A Beleza das Pequenas Coisas

Daniel Sampaio: “Este discurso da Igreja velha não é empático. É o mais terrível, o “pedimos perdão” não se sente que é sincero”

Seis semanas depois da apresentação do relatório da Comissão Independente para o Estudo dos Abusos Sexuais de Crianças na Igreja Católica Portuguesa, são muitas as dúvidas sobre a estratégia que a instituição tomará depois do terramoto de denúncias. O médico psiquiatra Daniel Sampaio, que integrou a Comissão, aponta críticas ao clericalismo no poder e espera mudanças. "O discurso da Igreja velha não é empático. Talvez seja a característica mais terrível. O discurso é “pedimos perdão”, “vamos indemnizar”, “vamos estar atentos”, mas não se sente que é sincero. O que se traduz numa ausência de medidas." E acrescenta uma inquietação? "Que apoio psicológico as vítimas estão a ter? Zero. Ninguém fala das vítimas desamparadas.” Ouçam-no no podcast “A Beleza das Pequenas Coisas”, com Bernardo Mendonça

Passaram seis semanas desde que o relatório sobre os abusos sexuais de crianças na Igreja foi tornado público pela Comissão Independente e o terramoto no interior da Instituição parece estar a começar. Isto apesar da grande desilusão que foi a Conferência de Imprensa, em Fátima, ao ser apresentada uma mão cheia de nada depois de se serem dadas a conhecer as conclusões.
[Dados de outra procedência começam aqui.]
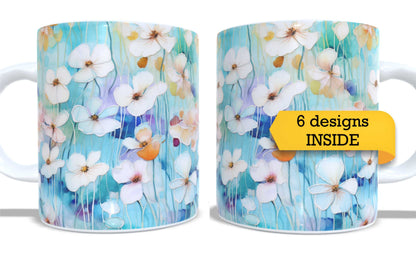 #237 Colourfull Coffee and Tea Mug. Coffee Cup. Tea Mug. Beautiful floral design. Full colour sublimated.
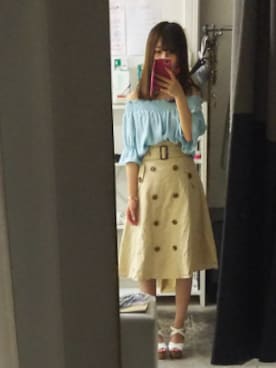 「one way（ワンウェイ）のアイテム（シューズ）」を使った、かほさん（レディース・150cm）の夏コーディネート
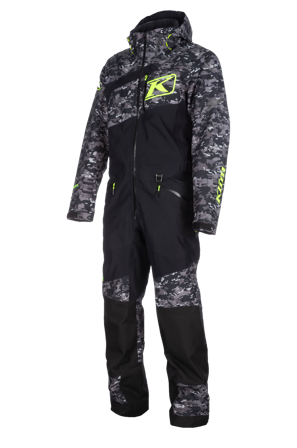 Klim Ripsa Monosuit Svart kamouflage - Hi Vis S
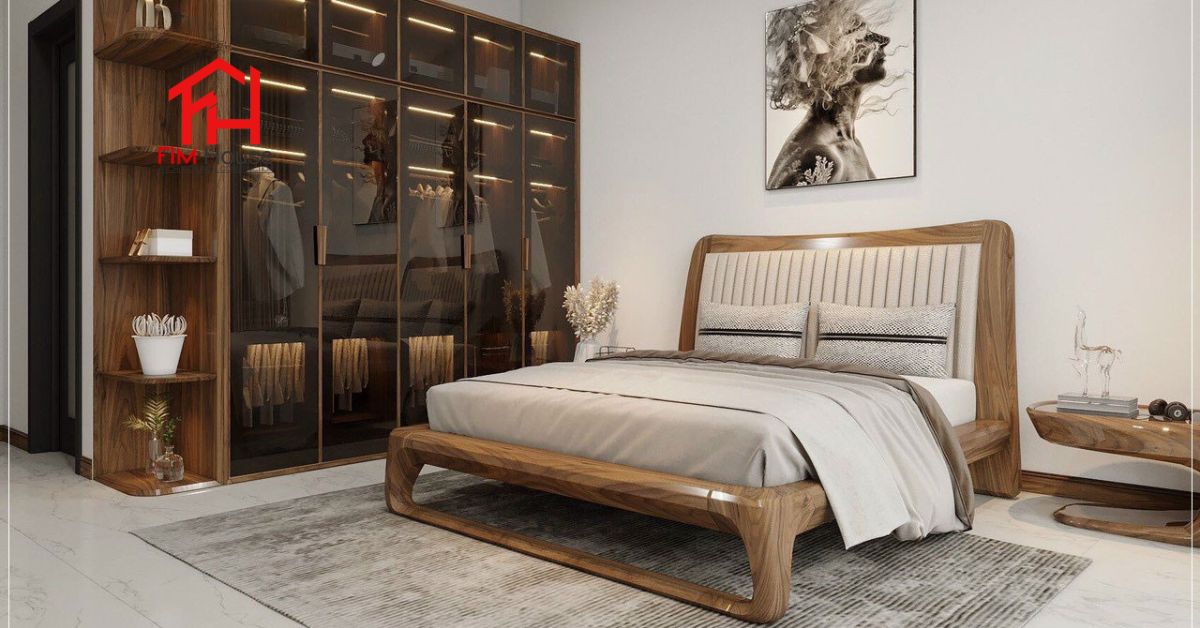 phòng ngủ gỗ sồi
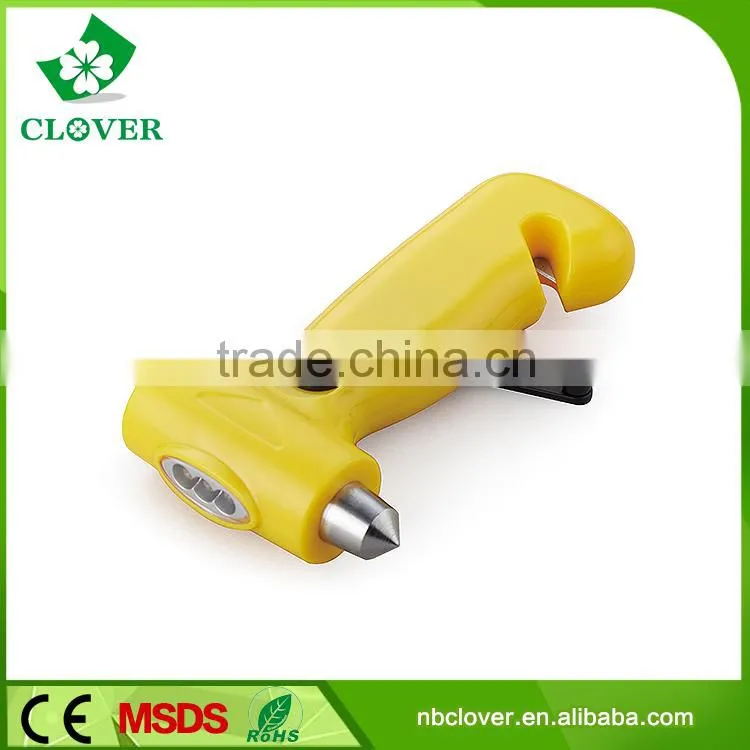 4 in 1 3 led with emergency hammer rechargeable led flashlight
Recorde-se que houve 512 testemunhos validados de vítimas sexuais de padres. E apurou-se que a rede de vítimas abusadas poderia chegar a “um número mínimo” de 4815 pessoas. Destas, 25 seguiram para o Ministério Público abrir investigações. Um número considerado baixo por esta Comissão, por razões de prescrição e anonimato, e que se considera ser apenas a ponta do icebergue. Até porque a maior parte dos testemunhos de abusos vieram apenas de zonas do litoral do país, com pessoas com mais escolaridade.

Há um Portugal real, mais rural e interior, ainda não foi ouvido? O médico psiquiatra Daniel Sampaio, que integrou esta Comissão Independente, não tem dúvidas sobre essa realidade e chega a afirmar neste episódio em podcast: “Para evitarmos isso propusemos que os senhores padres no final da missa fizessem um apelo ao testemunho. E não foi feito. Foi-nos dito por um bispo: ‘Nós não podemos ser arautos dessa notícia. Nem pensem fazer isso.’”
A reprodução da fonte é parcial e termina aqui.